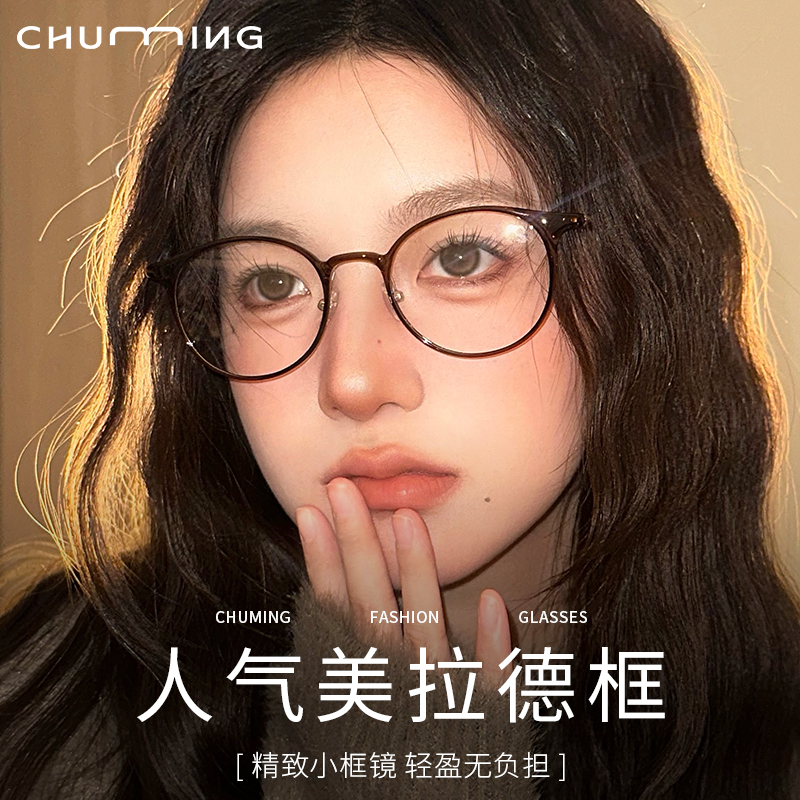 初明美拉德小框近视眼镜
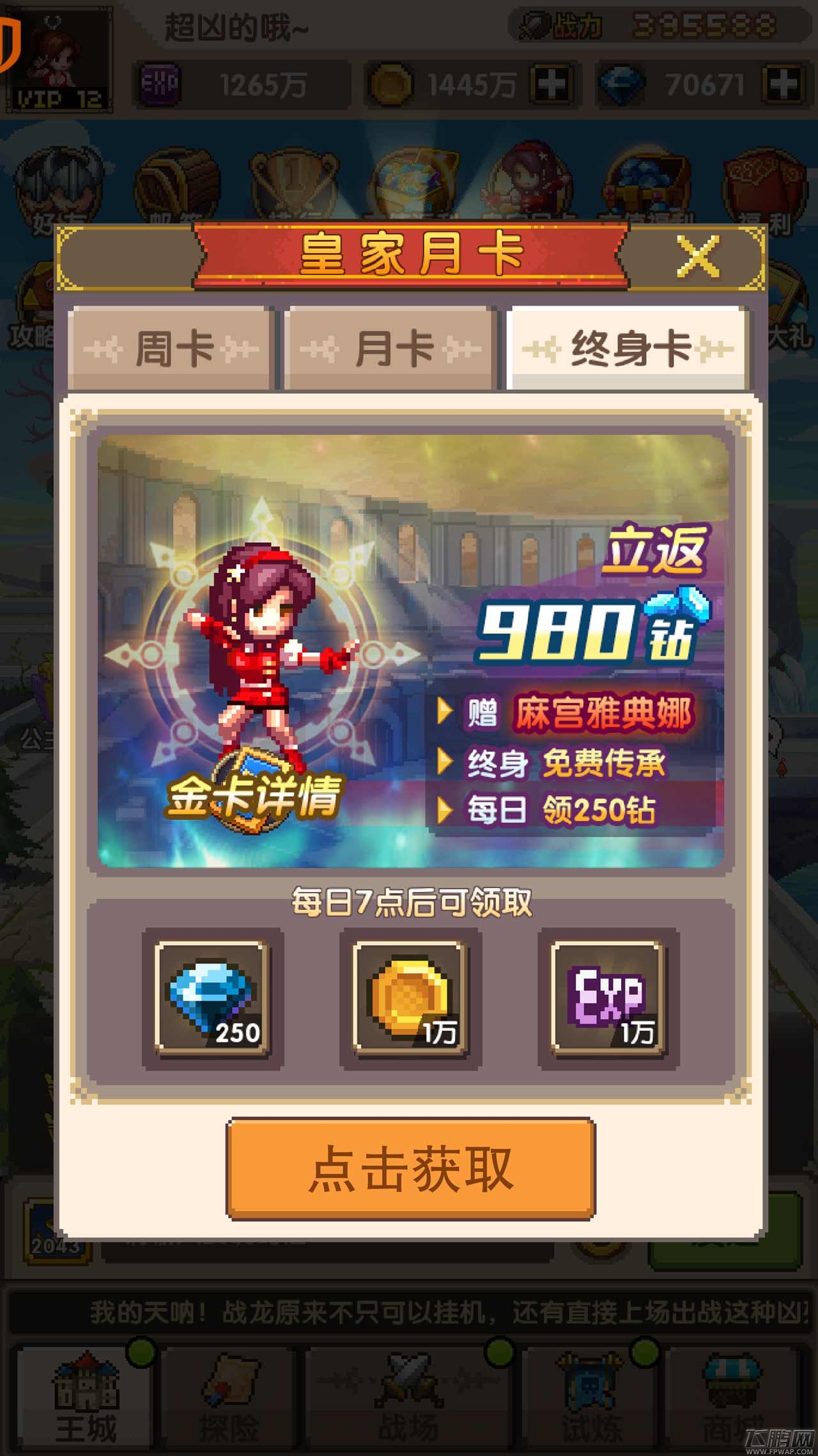 《地城之歌》拳皇三美获取方式大揭秘 (3)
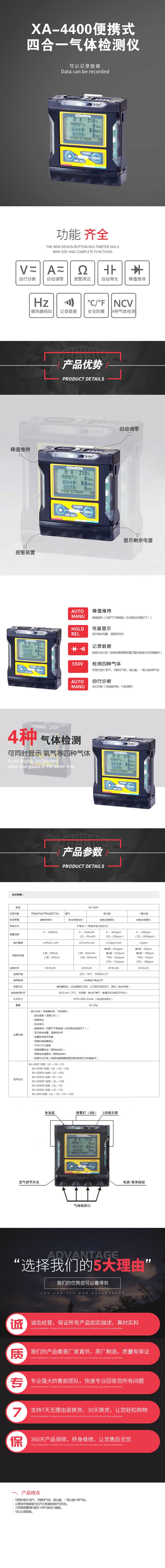 XA-4400便攜式四合一氣體檢測(cè)儀.jpg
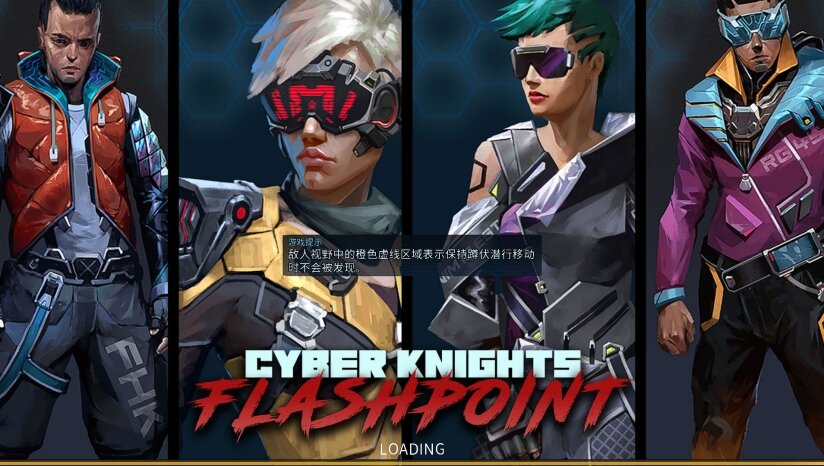 图片[2]-《网络骑士-闪点》V2025.07.17(Build19236056)汉化版[俄网portable 2025.07.22更新8.78G]-影音屋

### Exercise directions
Set down the line containing "XA-4400便攜式四合一氣體檢測(cè)儀.jpg" and every line after it up to the end of the material, exactly as written, but not the pictures.

### Response to this task
 XA-4400便攜式四合一氣體檢測(cè)儀.jpg
 图片[2]-《网络骑士-闪点》V2025.07.17(Build19236056)汉化版[俄网portable 2025.07.22更新8.78G]-影音屋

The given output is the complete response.